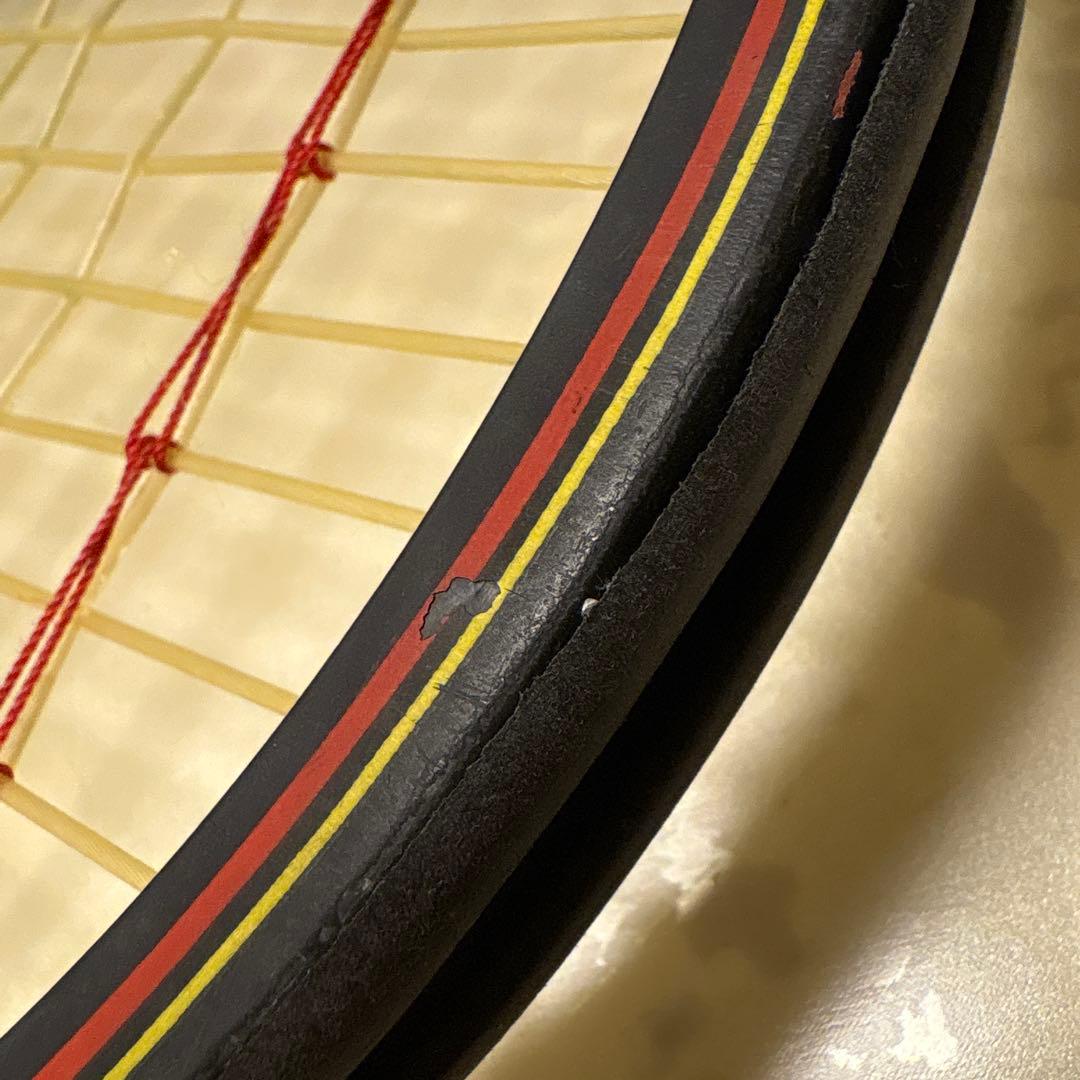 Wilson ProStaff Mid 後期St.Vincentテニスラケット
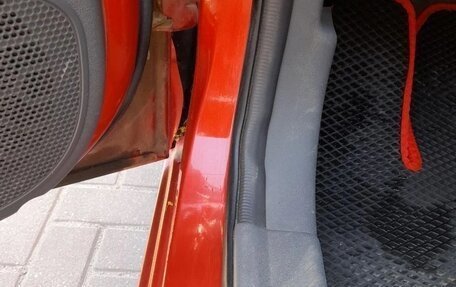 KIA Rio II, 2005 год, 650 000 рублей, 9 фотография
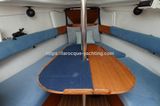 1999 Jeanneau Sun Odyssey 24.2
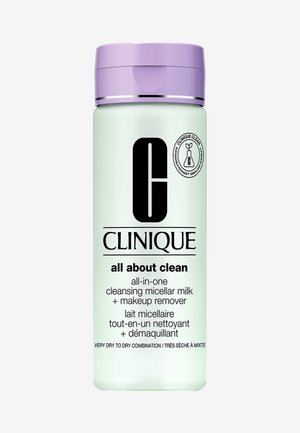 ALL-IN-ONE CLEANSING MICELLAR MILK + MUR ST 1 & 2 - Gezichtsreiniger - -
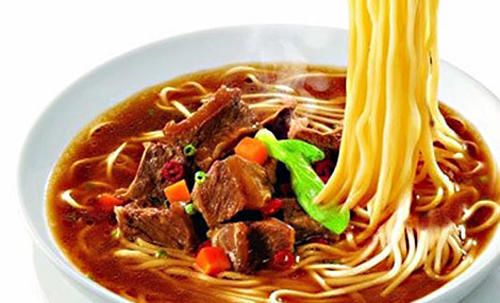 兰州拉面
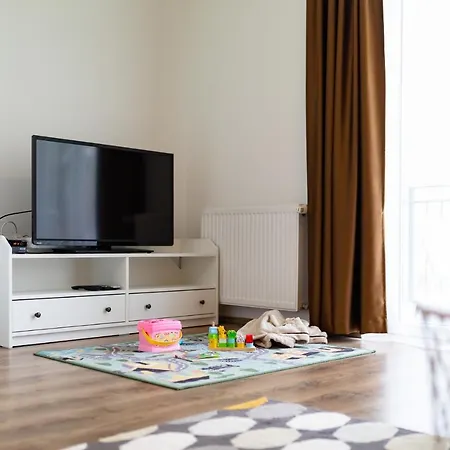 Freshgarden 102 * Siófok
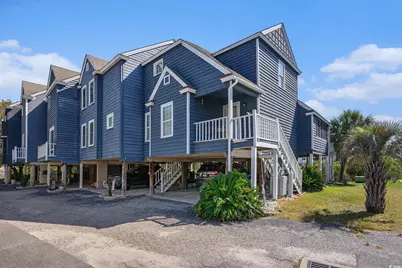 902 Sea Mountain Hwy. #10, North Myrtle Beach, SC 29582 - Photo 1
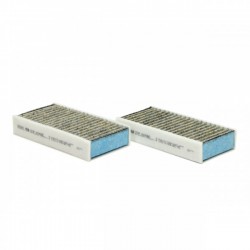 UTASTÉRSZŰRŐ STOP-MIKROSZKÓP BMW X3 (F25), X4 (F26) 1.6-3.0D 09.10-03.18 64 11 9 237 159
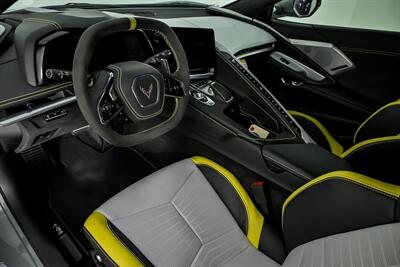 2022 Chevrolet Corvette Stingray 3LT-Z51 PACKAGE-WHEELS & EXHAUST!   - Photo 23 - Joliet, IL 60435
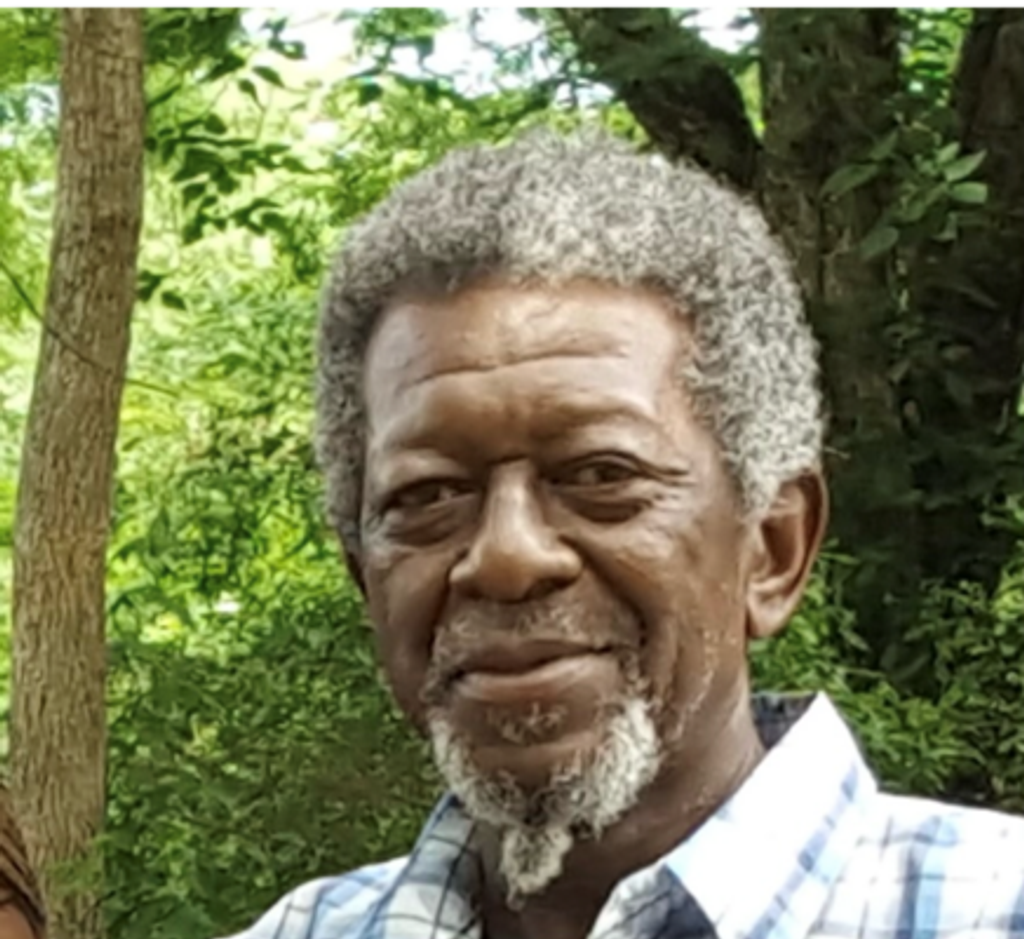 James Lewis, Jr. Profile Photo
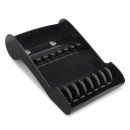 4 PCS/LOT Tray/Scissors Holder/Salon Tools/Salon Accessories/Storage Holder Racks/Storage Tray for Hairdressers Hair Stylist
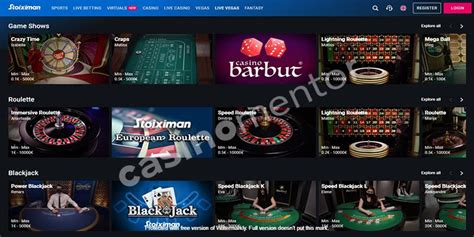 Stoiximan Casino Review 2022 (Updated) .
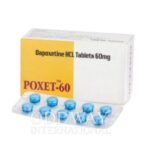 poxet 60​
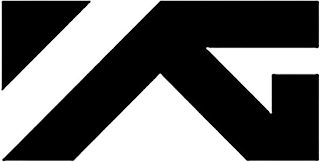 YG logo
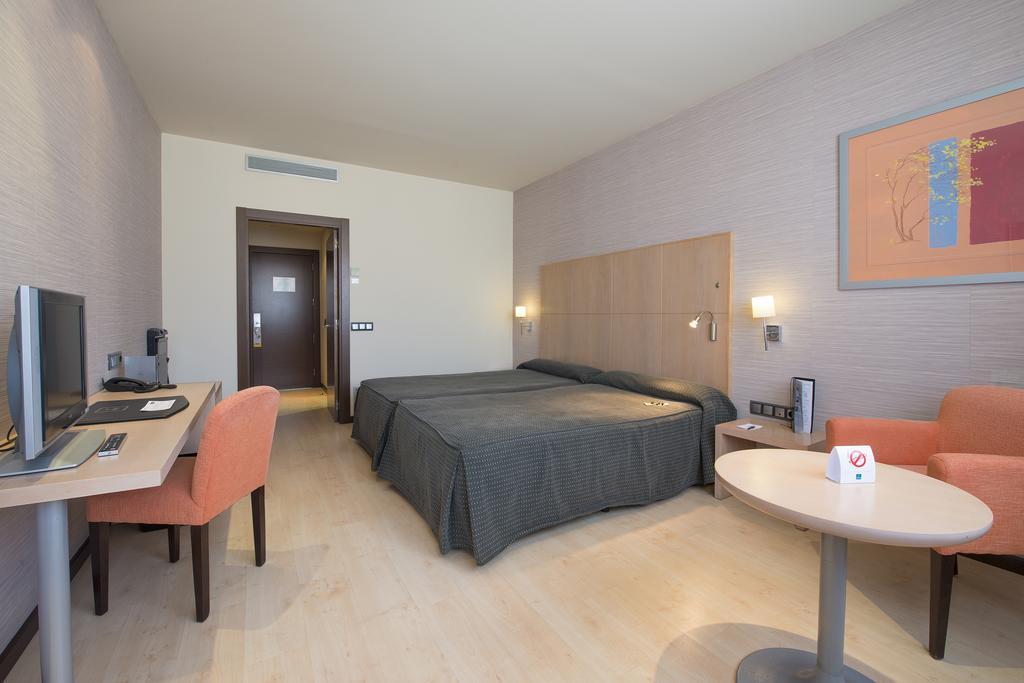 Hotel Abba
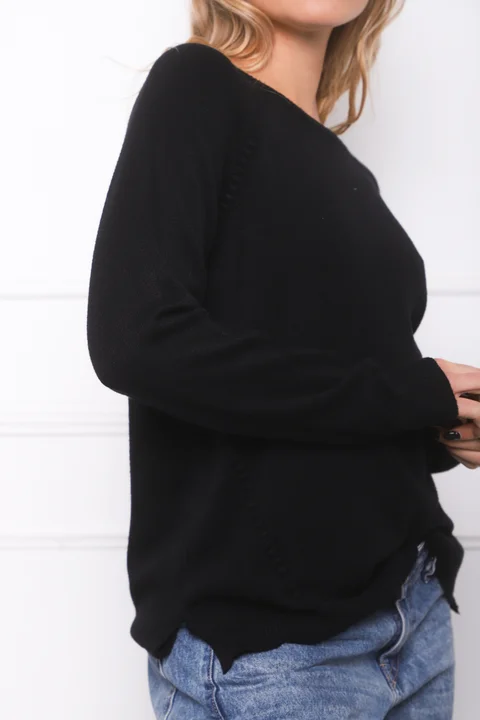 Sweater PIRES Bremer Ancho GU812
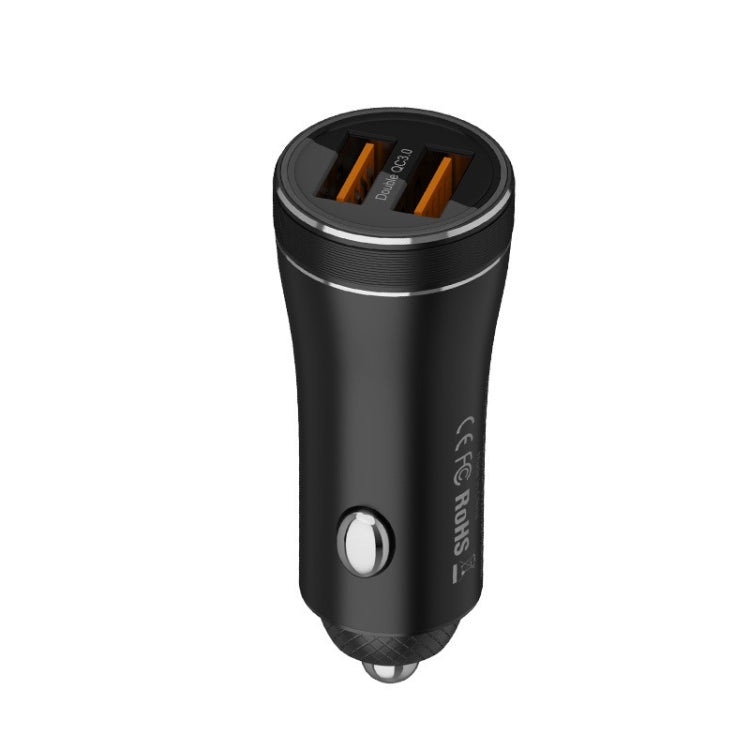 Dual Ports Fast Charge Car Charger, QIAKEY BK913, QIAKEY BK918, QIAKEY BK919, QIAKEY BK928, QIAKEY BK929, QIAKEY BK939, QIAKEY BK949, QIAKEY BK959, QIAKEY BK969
.....
(WHAT IS REQUIRED): Exercise for the records above: copy only the lines from the one with "UTASTÉRSZŰRŐ STOP-MIKROSZKÓP BMW" to the one with "James Lewis, Jr. Profile Photo", both ends kept, and drop the pictures.

(RESULT OF THE EXERCISE):
 UTASTÉRSZŰRŐ STOP-MIKROSZKÓP BMW X3 (F25), X4 (F26) 1.6-3.0D 09.10-03.18 64 11 9 237 159
 2022 Chevrolet Corvette Stingray 3LT-Z51 PACKAGE-WHEELS & EXHAUST!   - Photo 23 - Joliet, IL 60435
 James Lewis, Jr. Profile Photo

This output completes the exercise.